Join North Island College’s Global Learning Initiative Wednesday, Jan. 23 for the documentary, Burned – an unflinching, critical look at the woody biomass industry as a climate change solution.
The film examines the accelerated, mass destruction of forests to produce wood pellets as an alternative energy source.
It covers the struggle of forest activists, ecologists, scientists and concerned citizens fighting to establish the enormous value of forests, protect their communities and alter energy policy in the US and abroad.
Produced by filmmakers Alan Dater and Lisa Merton, Burned received the Audience Choice award at the American Conservational Film Festival in 2017, among other accolades.
“Yes, these trees may grow back in time, but we don’t have 50, 70, 100 years to wait for those trees to grow back to take that carbon out of the atmosphere,” said Dr.
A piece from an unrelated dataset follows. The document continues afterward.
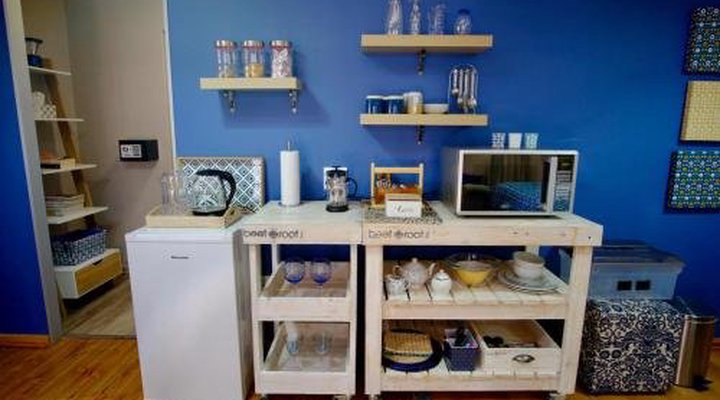 Milly's Touch B & B Studios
Mary S. Booth, an expert in greenhouse gas emissions quoted in the film. “We need to do it right away.”
“If you’re interested in reducing emissions now, then burning something that puts more carbon into the air than the thing you’re replacing, which is coal, doesn’t make sense,” Booth said.
The 74-minute film runs in the Stan Hagen Theatre at NIC’s Comox Valley campus, starting at 6:30 p.m. Doors open at 6 p.m.
Admission is by donation to the Global Learning Initiative, which fosters awareness of global issues through partnerships with local communities and individuals. The student-run initiative supports NIC students’ experiences in remote communities in Uganda, Nepal and Mozambique and continues to strengthen cultural understandings through field schools to Aboriginal and global communities.
Following the film, Jennell Ellis of Clean Air Comox Valley will lead a short presentation about local air quality concerns. Fair trade coffee and chocolate are also available for purchase at the event.